At the 2009 Louisiana State Chess Championship at the Drury Inn in Baton Rouge, Caveney finally ended his streak of futility after a tense hard fought tournament. The title did not come easy, however, and it was not decided until the final round. Heading into the final round, Frank Brack of Texas sat atop of the standings with a score of 5.5-0.5. Caveney, Dr. Albert Franklin, and Sid Souvey were tied for second at 5-1. In the final round, Franklin was paired against Souvey, and he obtained an early advantage before the game petered out into a draw. This left the game between Brack and Caveney as the decisive contest. When Caveney prevailed after a tense struggle that lasted over four and a half hours, he claimed his first state title with a score of 6-1.
A total of five players, Brack, Franklin, Souvey, Stephen Curry, and Neal Bonrud, tied for second and third overall as well as first and second in the Under 2000 category with scores of 5.5-1.5. Bijan Khaleghi, Binh Cong Doan, and John Betancourt split the prizes for first and second Under 1800 with scores of 4.5-2.5. Jordan Pujol took top honors in the Under 1600 category with a score of 4-3, and Simarpreet Chadha and Martin Cooperson shared the prize for second Under 1600 with scores of 3.5-3.5. Michael Tisserand, Peter Pham, and Eli Karp shared the prizes for first and second Under 1400, and Leila D’Aquin took first place in the Under 1200 category. Don Webster and David Webster split the second place prize for Under 1200, and Craig Walzer took the prize for the top unrated player.

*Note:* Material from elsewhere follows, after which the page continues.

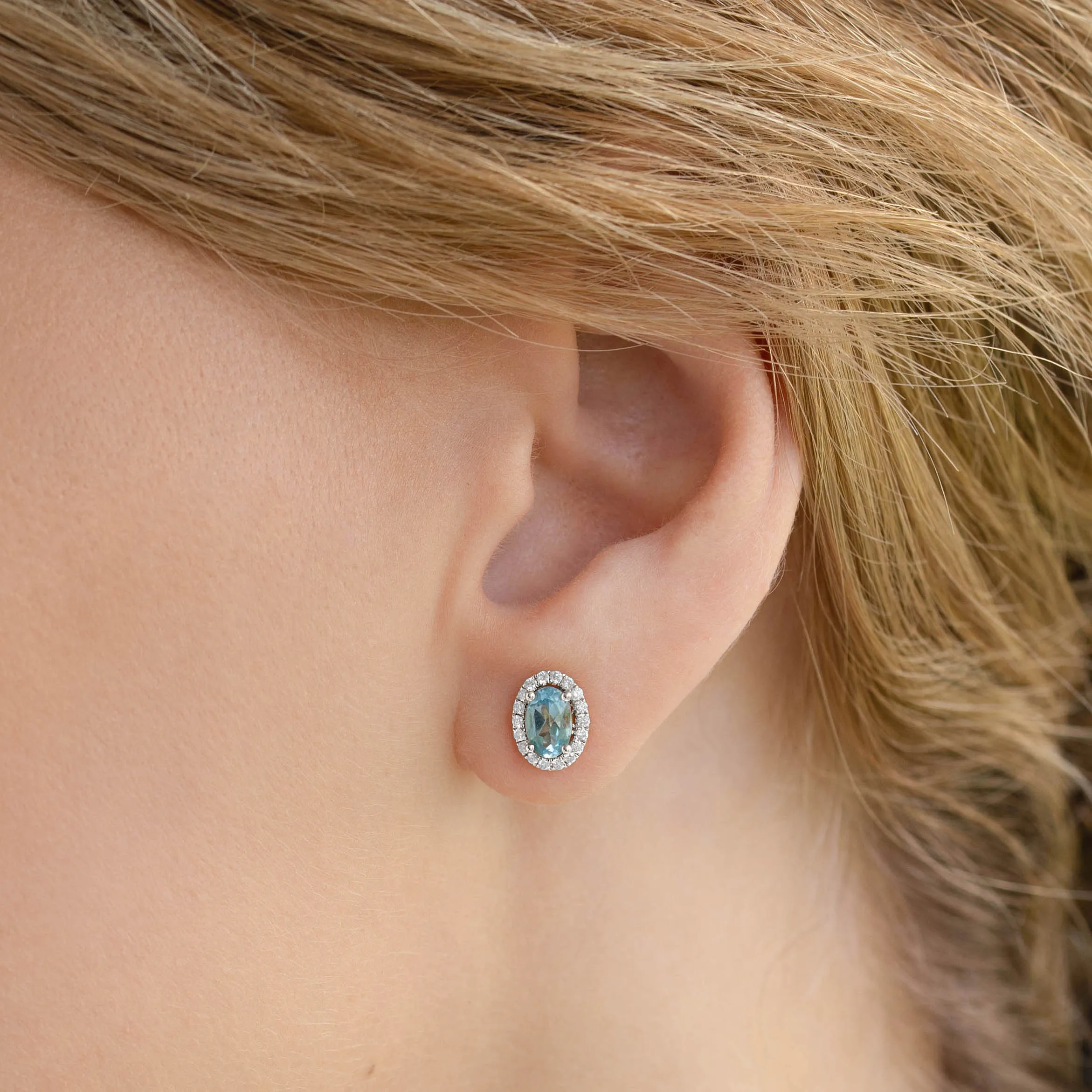 Swiss Blue Topaz Halo Stud Earrings White Gold - Marzia sold by Linjer product image thumbnail 3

Caveney's saga started in 1992, when he arrived at Louisiana as a freshman at Tulane University the week before Labor Day. That Labor Day weekend, Caveney had a surprisingly strong result at the 1992 Louisiana State Chess Championship, finishing in tie for third with Curt Jones of Tennessee behind two players from Alabama, Danny Miller and Brent Inman. This result would have netted Caveney the title of state champion except that, over his objection, Caveney was declared not to be a Louisiana resident and, hence, ineligible for the state title.
In the seventeen years that followed, Caveney had many close calls. He tied for first in 2006, but lost on tie-breaks to IM Danilo Canda. In 2003 and 2008, Caveney played kingmaker, beating John Parsons in the last round to give the title to FM John D. Bick in 2003, and drawing Bick in the last round in 2008 to give the title to Alex Steger. Still, Caveney was never able to capture the title himself.
The tournament was organized and directed by Louisiana Chess Association President and 2008 State Champion Alex Steger, facts that almost certainly led to Steger’s failure to retain the title. A total of 51 players competed in the tournament. The next Louisiana Chess Association tournaments will be held in the winter, and details will be announced soon.